__PROBLEM REQUIREMENTS__
Give all of the records again precisely, excluding whatever pictures they contain.

───── DATA

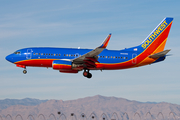 Southwest Airlines Boeing 737-7H4 (N416WN) at  Las Vegas - Harry Reid International, United States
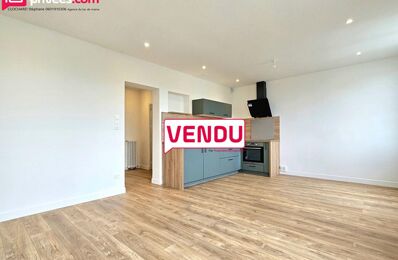 vente appartement 215 000 € à proximité de Verrières-en-Anjou (49112)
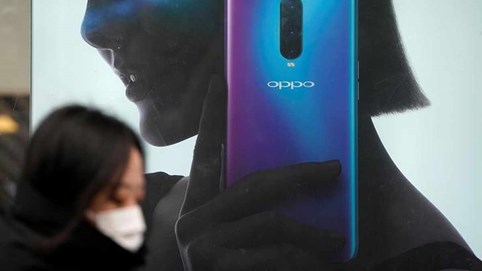 Nokia kiện Oppo vì vi phạm bằng sáng chế 
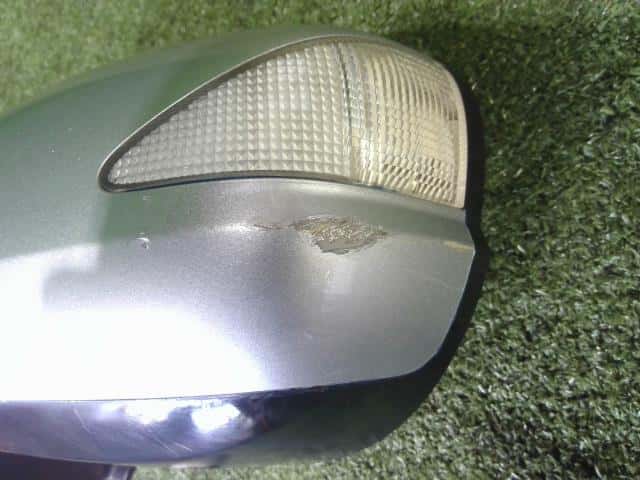 Left Side Mirror HONDA Fit Shuttle 2013 DAA-GP2 — photo 4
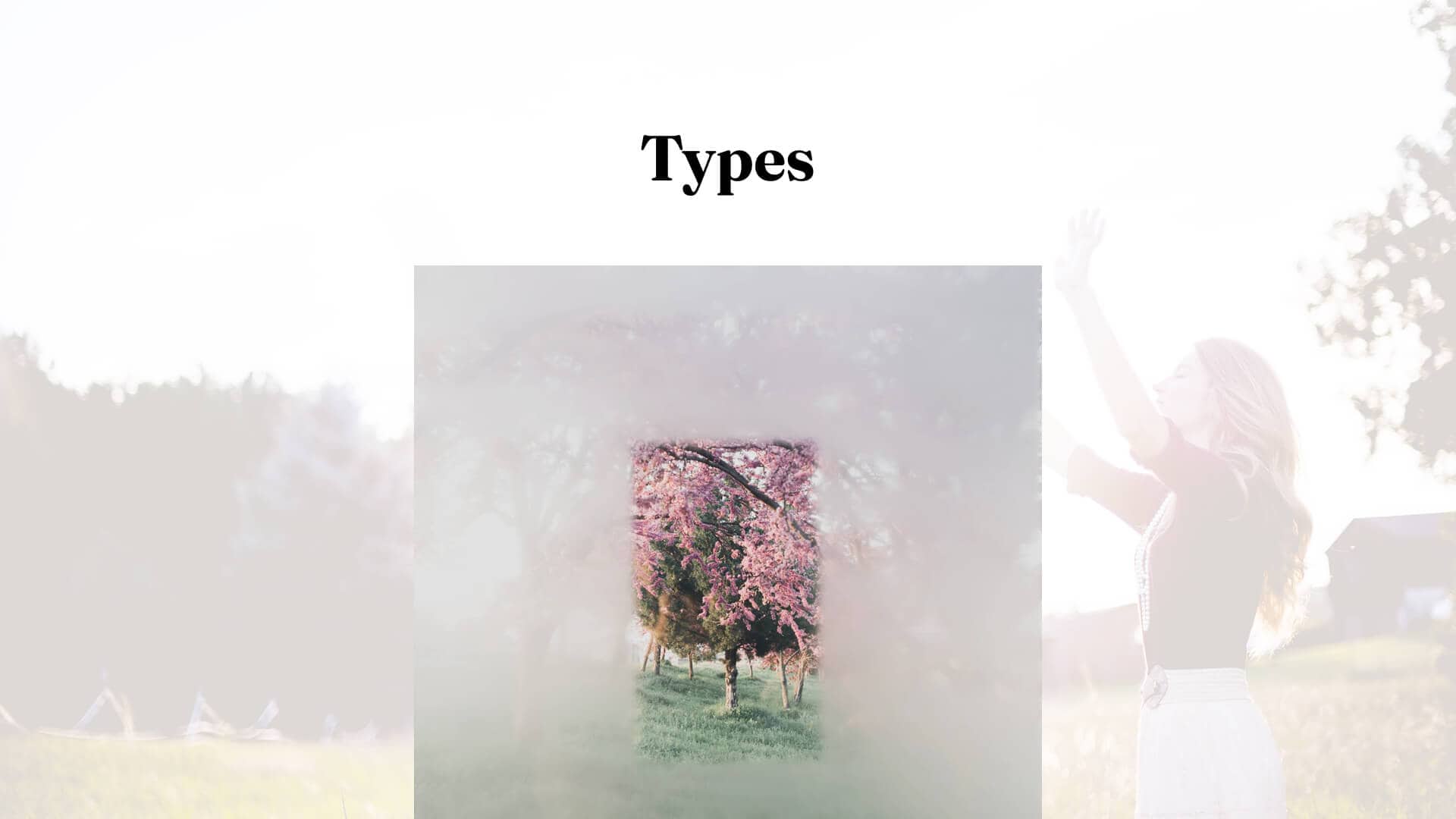 Types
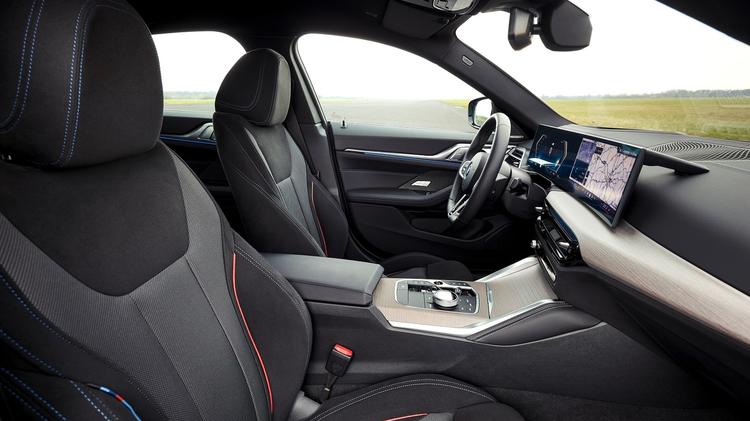 BMW I4 GRAN COUPE 210kW eDrive35 M Sport 70kWh 5dr Auto [Pro Pack]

──────────

__EXERCISE OUTPUT__
 Southwest Airlines Boeing 737-7H4 (N416WN) at  Las Vegas - Harry Reid International, United States
 vente appartement 215 000 € à proximité de Verrières-en-Anjou (49112)
 Nokia kiện Oppo vì vi phạm bằng sáng chế 
 Left Side Mirror HONDA Fit Shuttle 2013 DAA-GP2 — photo 4
 Types
 BMW I4 GRAN COUPE 210kW eDrive35 M Sport 70kWh 5dr Auto [Pro Pack]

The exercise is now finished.